> Instructions for the task
In the records below, repeat exactly the lines between the line holding "CLOSE TO SHOPS, SWINBURNE" and the line holding "New 2026 GMC", inclusive, and drop the pictures.

START Given records

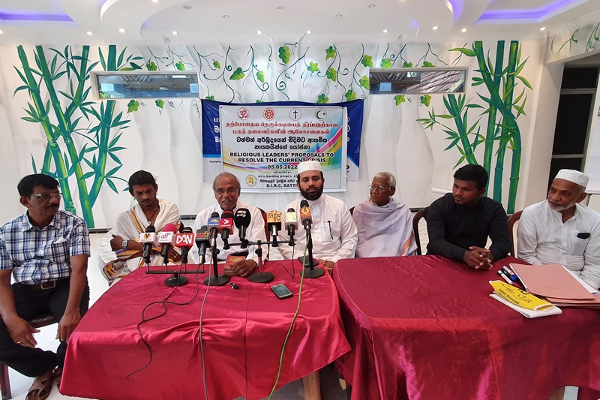 இலங்கையை கைப்பற்றும் முயற்சியில் சீனா: அருட்தந்தை ஜோசம் மேரி (Photos) | China Will Take Over Sri Lanka I Am Afraid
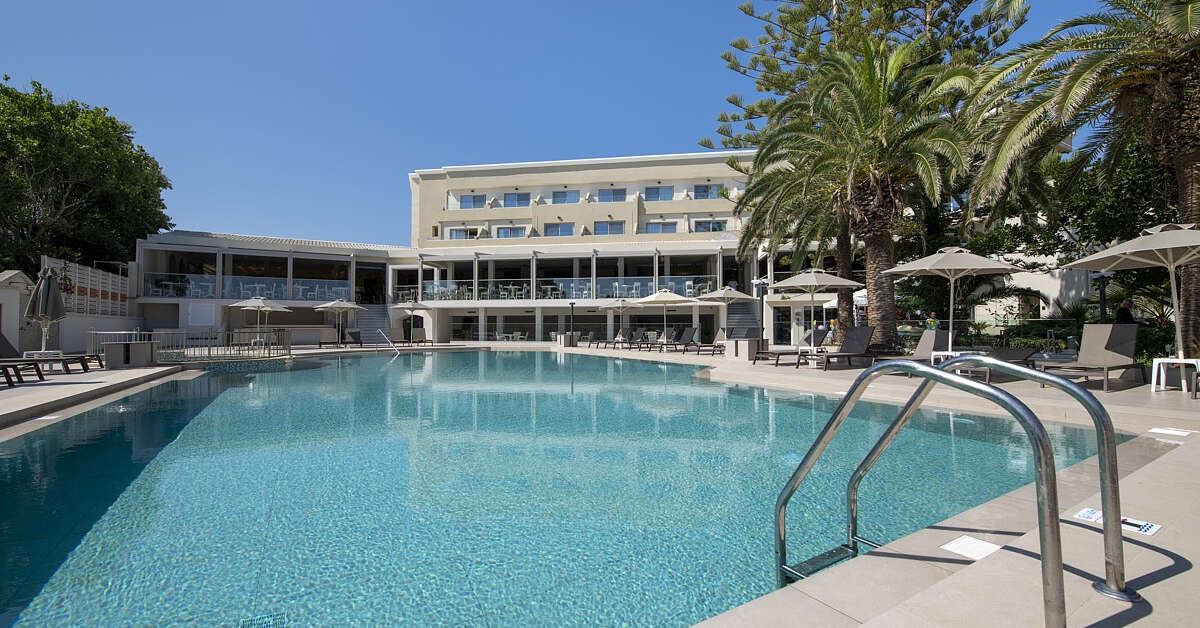 Een foto van het zwembad bij Vantaris Luxury Beach Resort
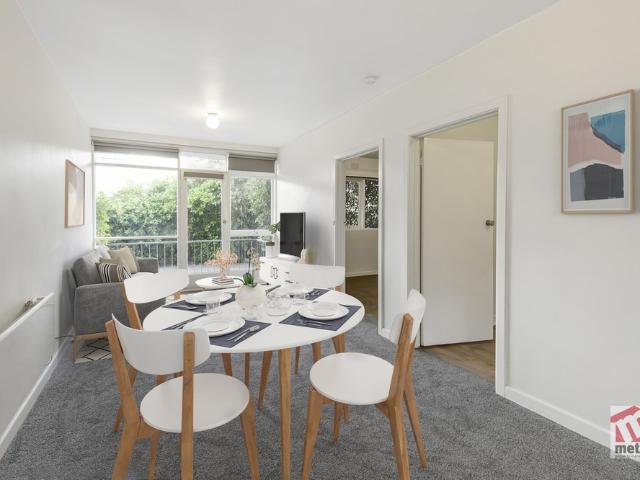 CLOSE TO SHOPS, SWINBURNE UNIVERSITY & PUBLIC TRANSPORT!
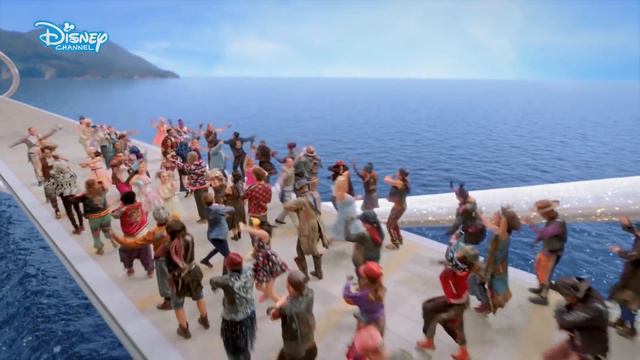 Descendants 3 - MUSIC LIFT - "Break this down" смотреть онлайн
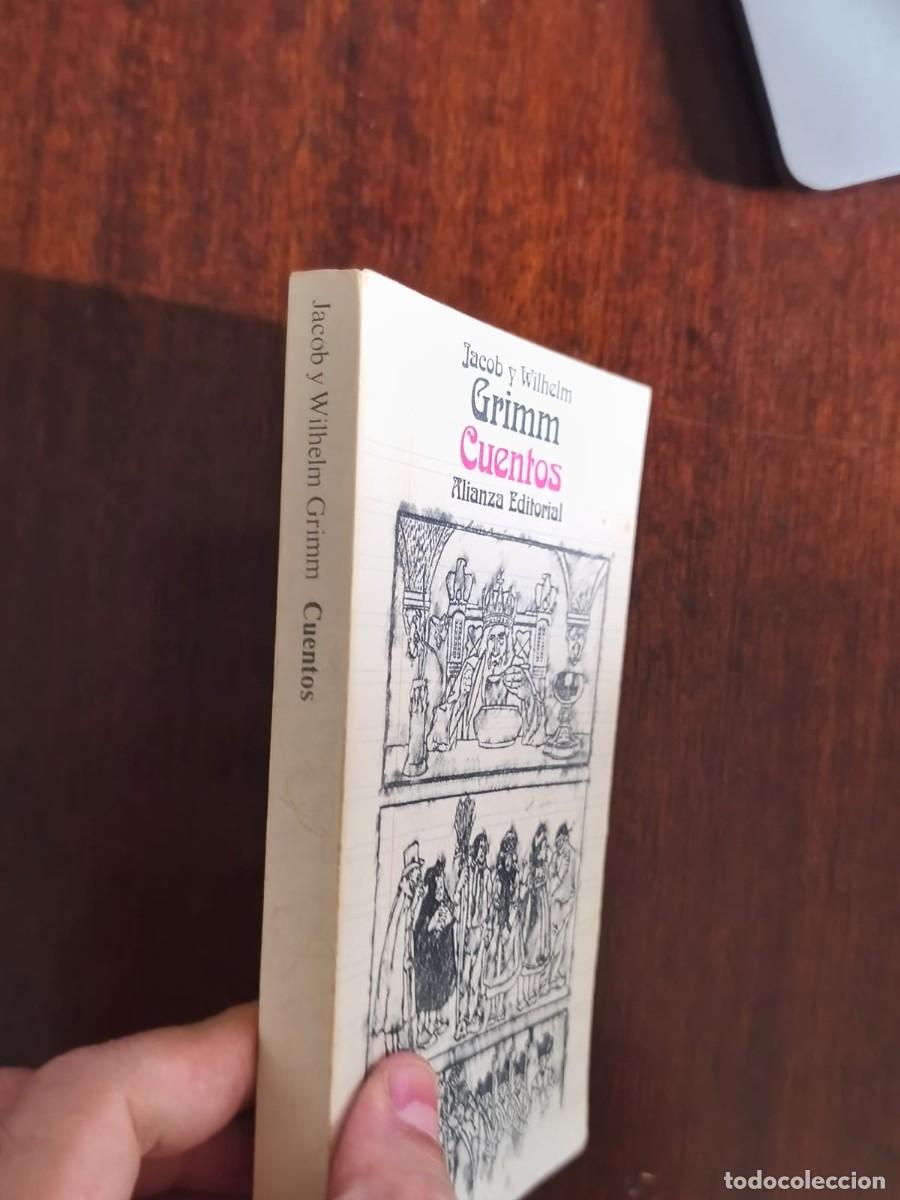 Libros de segunda mano: JACOB Y WILHELM GRIMM &ndash; CUENTOS &ndash; ALIANZA EDITORIAL - Foto 4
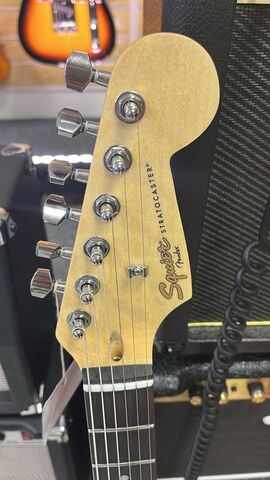 FENDER SQUIER BULLET TREM BSB электрогитара, цвет санберст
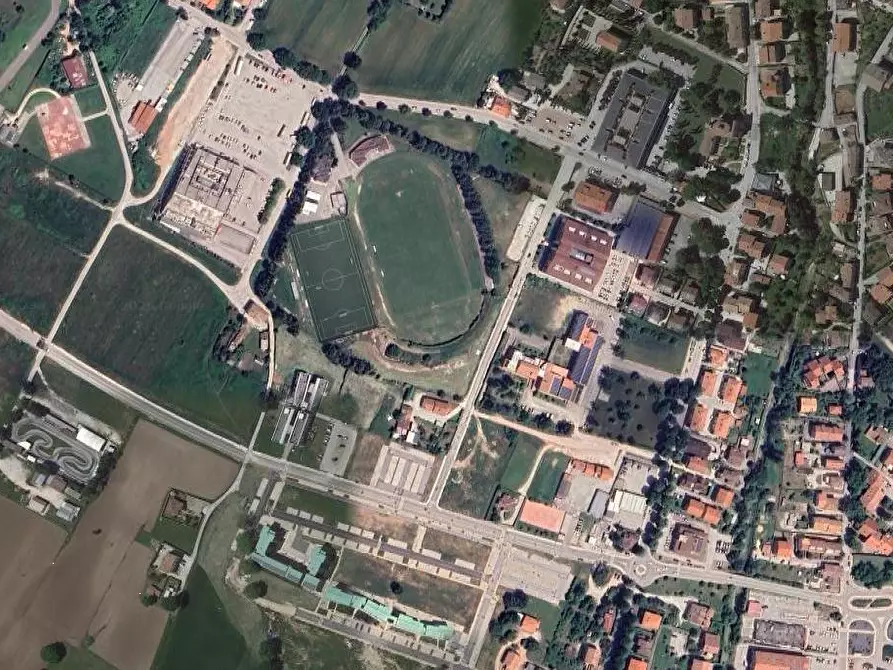 Immagine 6 di Negozio in vendita  in Via Don Giuseppe Diana a Gubbio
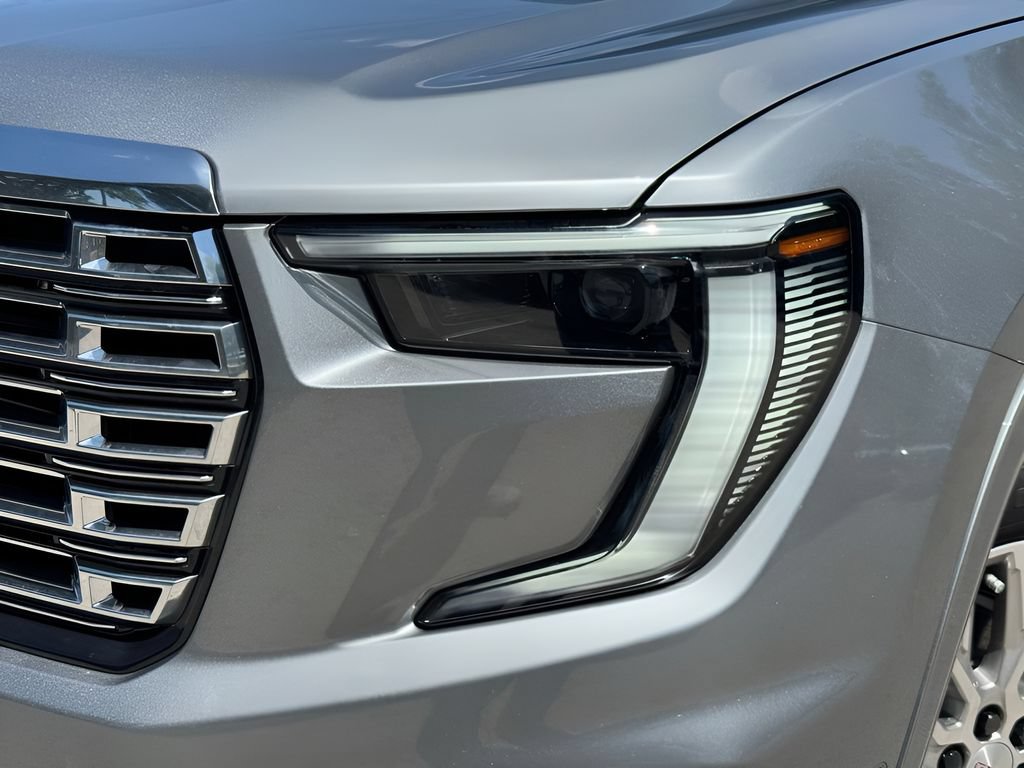 New 2026 GMC Acadia Denali w/ Super Cruise Package FWD image 3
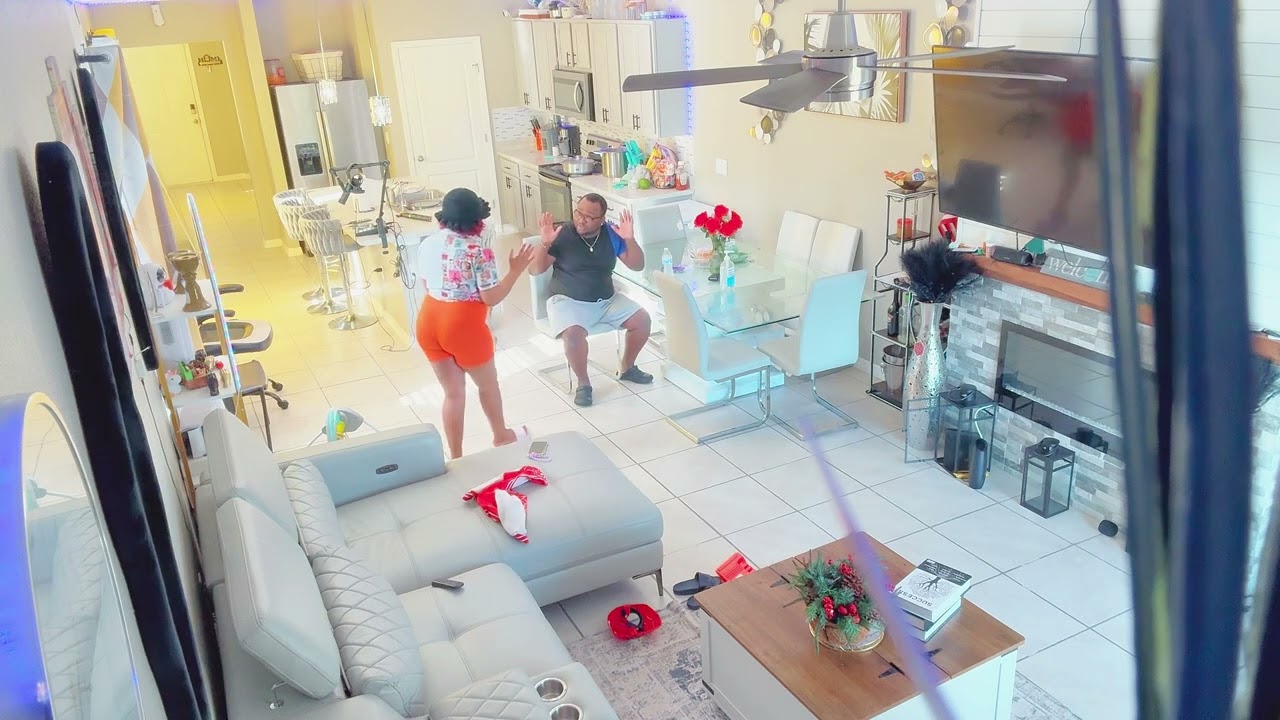 Mwen di Soraya mwen jwenn mail poum kite peyi a Soraya pipi li Pete 😂😂😂😂😂😂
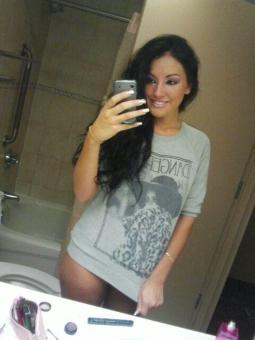 *?*Stunnin italian Busty Brunette Slim Waist BOMBSHELL ? *?*, 21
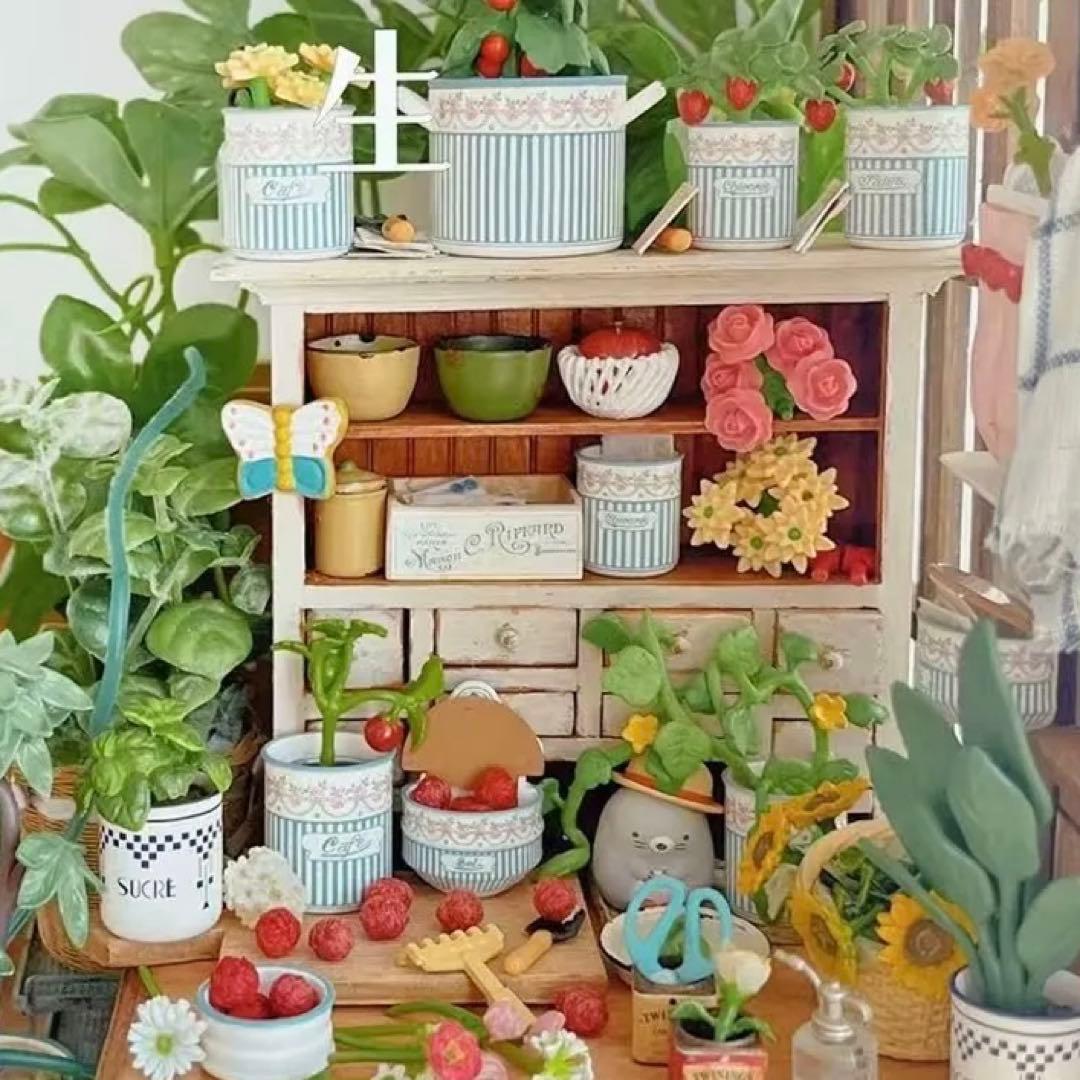ミニチュアキッチン雑貨　ブルーストライプ　西洋雑貨ローズガーランド　ドールハウス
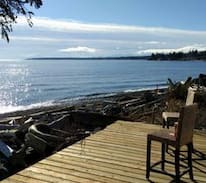 Campbell River House | The Gallery Beach House Bed and Breakfast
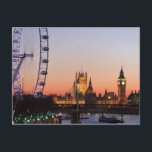 Carte Postale Chambres du Parlement et le London Eye<br><div class="desc">Photographie de voyage. Photographie de la ville. Les villes célèbres ! Big ben. Chambres du Parlement et London Eye, Westminster, Londres, Royaume-Uni | Peter Adams | AssetID : 84935974</div>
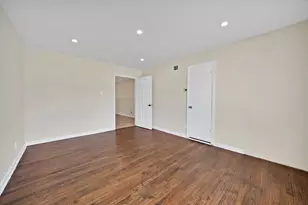 8533 Blossom Ln, Dallas, TX 75227 - Photo 30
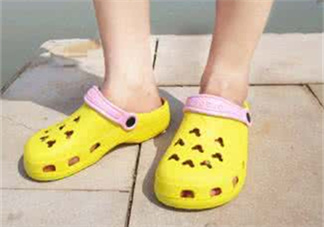 洞洞鞋是什么?洞洞鞋的危害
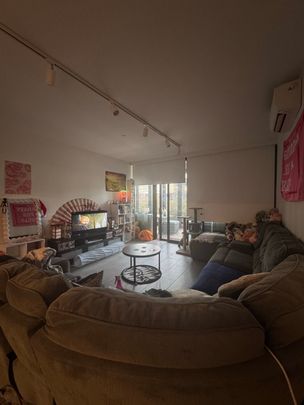 Heidelberg West - Photo 1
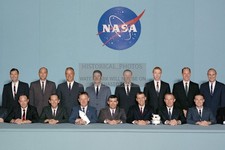 NASA ASTRONAUT GROUP 5 CREW PORTRAIT 1966 4X6 PHOTO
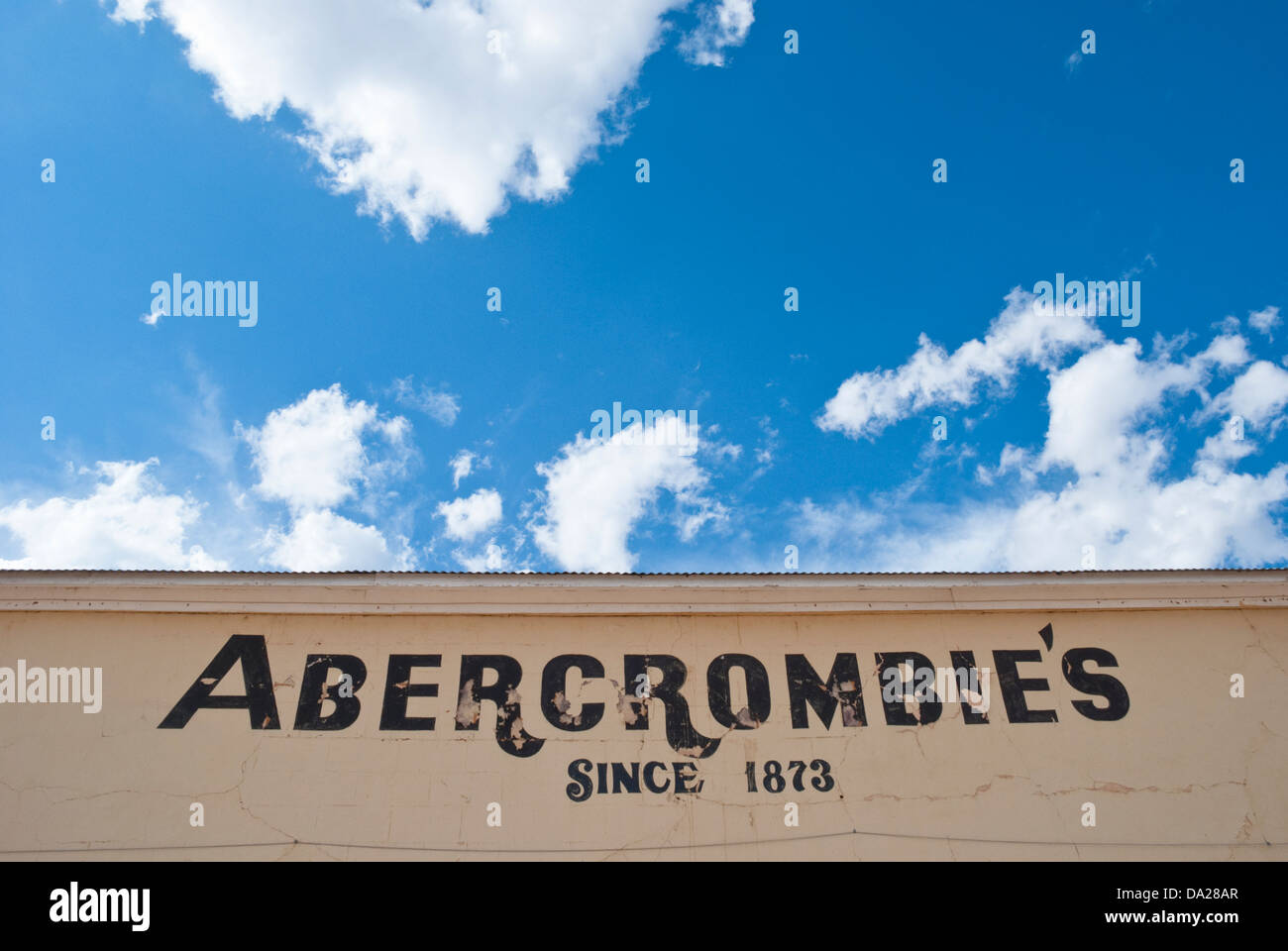 Le signe encore visible sur ce bâtiment en ruine dans la région de Anton Chico indique l'emplacement de la communauté boutique et salle de danse. Banque D'Images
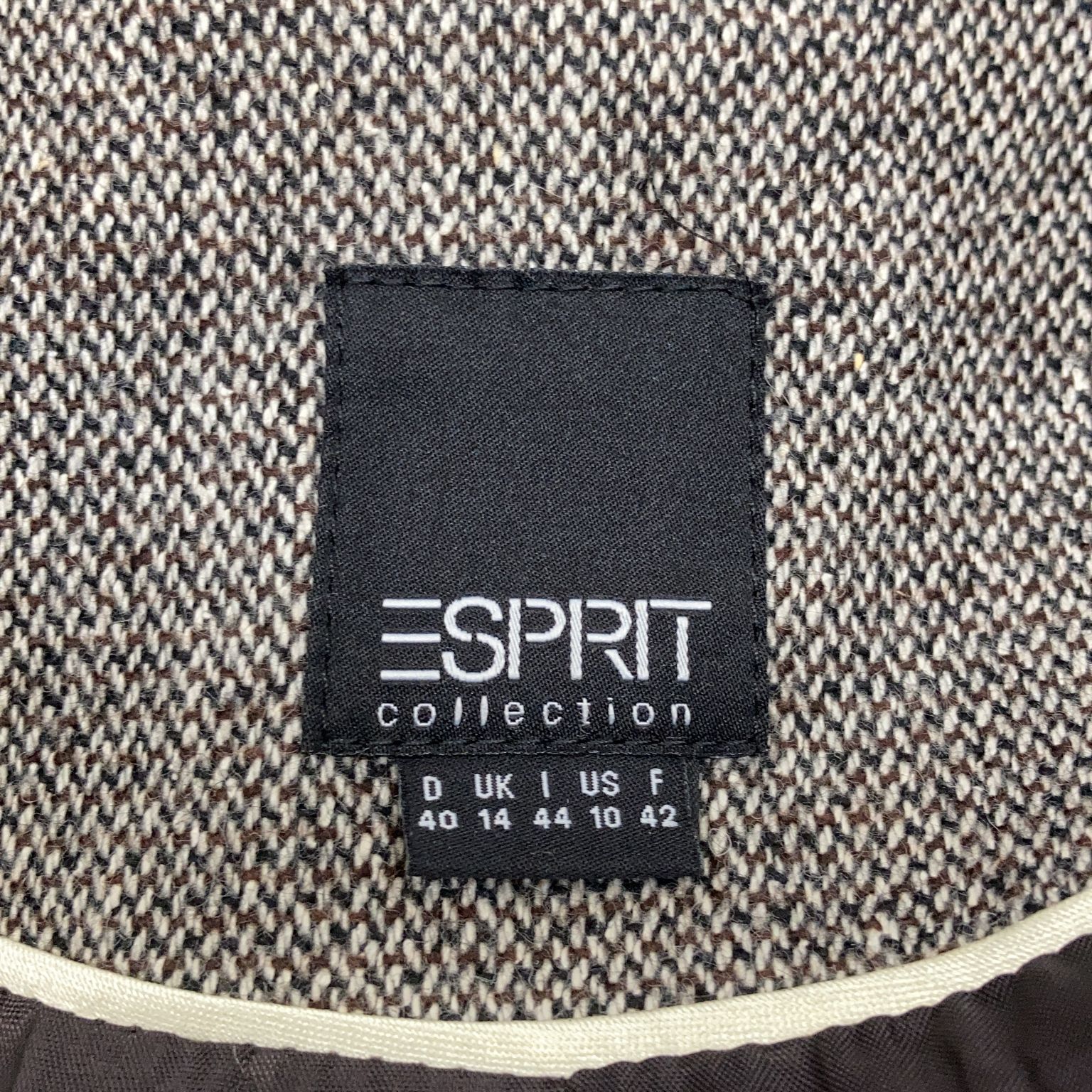 ESPRIT Collection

END Given records

> The answer
 CLOSE TO SHOPS, SWINBURNE UNIVERSITY & PUBLIC TRANSPORT!
 Descendants 3 - MUSIC LIFT - "Break this down" смотреть онлайн
 Libros de segunda mano: JACOB Y WILHELM GRIMM &ndash; CUENTOS &ndash; ALIANZA EDITORIAL - Foto 4
 FENDER SQUIER BULLET TREM BSB электрогитара, цвет санберст
 Immagine 6 di Negozio in vendita  in Via Don Giuseppe Diana a Gubbio
 New 2026 GMC Acadia Denali w/ Super Cruise Package FWD image 3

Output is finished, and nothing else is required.